Data excerpts »
----------

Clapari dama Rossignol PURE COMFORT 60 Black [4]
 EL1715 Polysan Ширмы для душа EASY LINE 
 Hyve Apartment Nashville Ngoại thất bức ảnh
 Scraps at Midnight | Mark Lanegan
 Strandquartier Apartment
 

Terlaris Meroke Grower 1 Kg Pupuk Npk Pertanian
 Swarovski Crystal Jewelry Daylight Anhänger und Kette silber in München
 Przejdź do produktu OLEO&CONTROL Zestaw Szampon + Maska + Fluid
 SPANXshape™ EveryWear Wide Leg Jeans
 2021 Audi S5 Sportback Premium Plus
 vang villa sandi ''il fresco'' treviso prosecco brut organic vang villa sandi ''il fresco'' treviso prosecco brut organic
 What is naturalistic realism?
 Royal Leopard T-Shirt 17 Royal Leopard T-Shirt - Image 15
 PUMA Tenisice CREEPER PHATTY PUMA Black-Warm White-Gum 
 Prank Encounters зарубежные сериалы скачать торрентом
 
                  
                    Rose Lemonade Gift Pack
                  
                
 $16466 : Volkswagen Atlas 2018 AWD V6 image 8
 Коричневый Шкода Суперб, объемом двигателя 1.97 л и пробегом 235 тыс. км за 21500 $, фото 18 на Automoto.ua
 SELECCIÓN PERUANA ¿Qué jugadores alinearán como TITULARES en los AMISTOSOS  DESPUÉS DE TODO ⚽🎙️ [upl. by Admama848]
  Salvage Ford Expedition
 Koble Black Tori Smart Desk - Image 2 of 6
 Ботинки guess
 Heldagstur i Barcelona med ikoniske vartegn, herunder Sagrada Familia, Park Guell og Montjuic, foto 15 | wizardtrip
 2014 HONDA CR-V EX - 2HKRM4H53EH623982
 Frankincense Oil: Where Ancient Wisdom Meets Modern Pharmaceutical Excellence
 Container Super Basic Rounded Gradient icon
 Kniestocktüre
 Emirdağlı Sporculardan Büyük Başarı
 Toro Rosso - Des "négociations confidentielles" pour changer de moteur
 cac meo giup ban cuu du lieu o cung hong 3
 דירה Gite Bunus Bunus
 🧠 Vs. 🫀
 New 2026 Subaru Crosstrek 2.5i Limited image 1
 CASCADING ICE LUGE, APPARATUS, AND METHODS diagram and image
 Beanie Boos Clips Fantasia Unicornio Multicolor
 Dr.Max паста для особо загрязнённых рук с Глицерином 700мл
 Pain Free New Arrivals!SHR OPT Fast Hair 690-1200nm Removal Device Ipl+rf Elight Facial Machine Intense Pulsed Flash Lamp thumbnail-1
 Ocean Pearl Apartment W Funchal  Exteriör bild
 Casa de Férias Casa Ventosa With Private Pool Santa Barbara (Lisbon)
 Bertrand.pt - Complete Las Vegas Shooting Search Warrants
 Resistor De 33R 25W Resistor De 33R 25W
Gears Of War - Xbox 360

----------

WHAT THE TASK REQUIRES »
Exactly as shown, give every record again.

RESULT FOR THIS TASK »
Clapari dama Rossignol PURE COMFORT 60 Black [4]
 EL1715 Polysan Ширмы для душа EASY LINE 
 Hyve Apartment Nashville Ngoại thất bức ảnh
 Scraps at Midnight | Mark Lanegan
 Strandquartier Apartment
 

Terlaris Meroke Grower 1 Kg Pupuk Npk Pertanian
 Swarovski Crystal Jewelry Daylight Anhänger und Kette silber in München
 Przejdź do produktu OLEO&CONTROL Zestaw Szampon + Maska + Fluid
 SPANXshape™ EveryWear Wide Leg Jeans
 2021 Audi S5 Sportback Premium Plus
 vang villa sandi ''il fresco'' treviso prosecco brut organic vang villa sandi ''il fresco'' treviso prosecco brut organic
 What is naturalistic realism?
 Royal Leopard T-Shirt 17 Royal Leopard T-Shirt - Image 15
 PUMA Tenisice CREEPER PHATTY PUMA Black-Warm White-Gum 
 Prank Encounters зарубежные сериалы скачать торрентом
 
                  
                    Rose Lemonade Gift Pack
                  
                
 $16466 : Volkswagen Atlas 2018 AWD V6 image 8
 Коричневый Шкода Суперб, объемом двигателя 1.97 л и пробегом 235 тыс. км за 21500 $, фото 18 на Automoto.ua
 SELECCIÓN PERUANA ¿Qué jugadores alinearán como TITULARES en los AMISTOSOS  DESPUÉS DE TODO ⚽🎙️ [upl. by Admama848]
  Salvage Ford Expedition
 Koble Black Tori Smart Desk - Image 2 of 6
 Ботинки guess
 Heldagstur i Barcelona med ikoniske vartegn, herunder Sagrada Familia, Park Guell og Montjuic, foto 15 | wizardtrip
 2014 HONDA CR-V EX - 2HKRM4H53EH623982
 Frankincense Oil: Where Ancient Wisdom Meets Modern Pharmaceutical Excellence
 Container Super Basic Rounded Gradient icon
 Kniestocktüre
 Emirdağlı Sporculardan Büyük Başarı
 Toro Rosso - Des "négociations confidentielles" pour changer de moteur
 cac meo giup ban cuu du lieu o cung hong 3
 דירה Gite Bunus Bunus
 🧠 Vs. 🫀
 New 2026 Subaru Crosstrek 2.5i Limited image 1
 CASCADING ICE LUGE, APPARATUS, AND METHODS diagram and image
 Beanie Boos Clips Fantasia Unicornio Multicolor
 Dr.Max паста для особо загрязнённых рук с Глицерином 700мл
 Pain Free New Arrivals!SHR OPT Fast Hair 690-1200nm Removal Device Ipl+rf Elight Facial Machine Intense Pulsed Flash Lamp thumbnail-1
 Ocean Pearl Apartment W Funchal  Exteriör bild
 Casa de Férias Casa Ventosa With Private Pool Santa Barbara (Lisbon)
 Bertrand.pt - Complete Las Vegas Shooting Search Warrants
 Resistor De 33R 25W Resistor De 33R 25W
Gears Of War - Xbox 360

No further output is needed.